Metastable Phases / Precipitates
Most important precipitates that form during aging treatments and casting of aluminum alloys are metastable, except for a few such as Al3Sc and Al3Er (both modeled as AL3X). This example uses the TCS Al-based Alloy Database (TCAL).
Figure 1: Calculated Al-Cu (Al) solvus curves equilibrated with θ, Ω, θ', θ'' (or GPII zones) and GPI zones, respectively. A metastable miscibility gap of fcc_A1 is shown. The GPI zones are modeled as the second composition set of fcc_A1, i.e. fcc_A1#2. It is assumed that experimentally observed GPI zones are usually tiny (say < 3 nm), so the interfacial and elastic energy are considered. The line for GPI zones is calculated with adding +800 J/mole-atoms to the energy of fcc_A1#2 [2014Che].

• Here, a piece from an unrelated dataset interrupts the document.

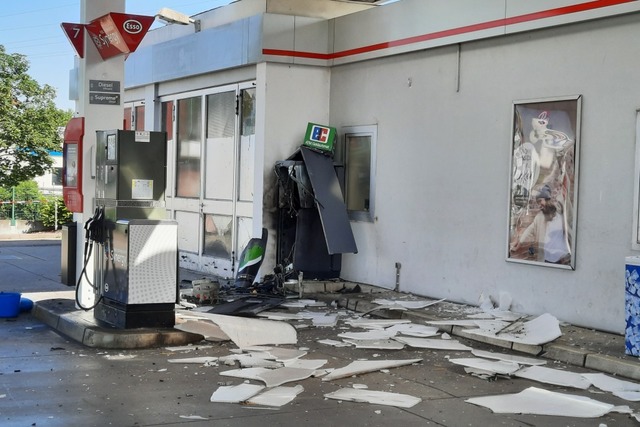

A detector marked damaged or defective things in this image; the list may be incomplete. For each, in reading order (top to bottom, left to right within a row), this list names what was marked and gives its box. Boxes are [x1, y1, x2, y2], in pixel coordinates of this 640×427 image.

Figure 2: Calculated fcc_A1 solvi in alloys at 0.73 at.% Si and varying Mg content, relative to different Al-Mg-Si precipitates, including the stable β-Mg2Si phase, pre-β precipitates (β', U1, U2 and B')and the pre-β' precipitate, i.e. β''. The symbols indicate certain precipitates have been experimentally observed in alloys of given compositions and aged at given temperatures [2014Che].
Reference
[2014Che] H.-L. Chen, Thermodynamic modeling of metastable precipitate phases in Al-Cu, Al-Fe, Al-Mg-Si, and Al-Mg-Zn based alloys (Stockholm, Sweden, 2014), unpublished work.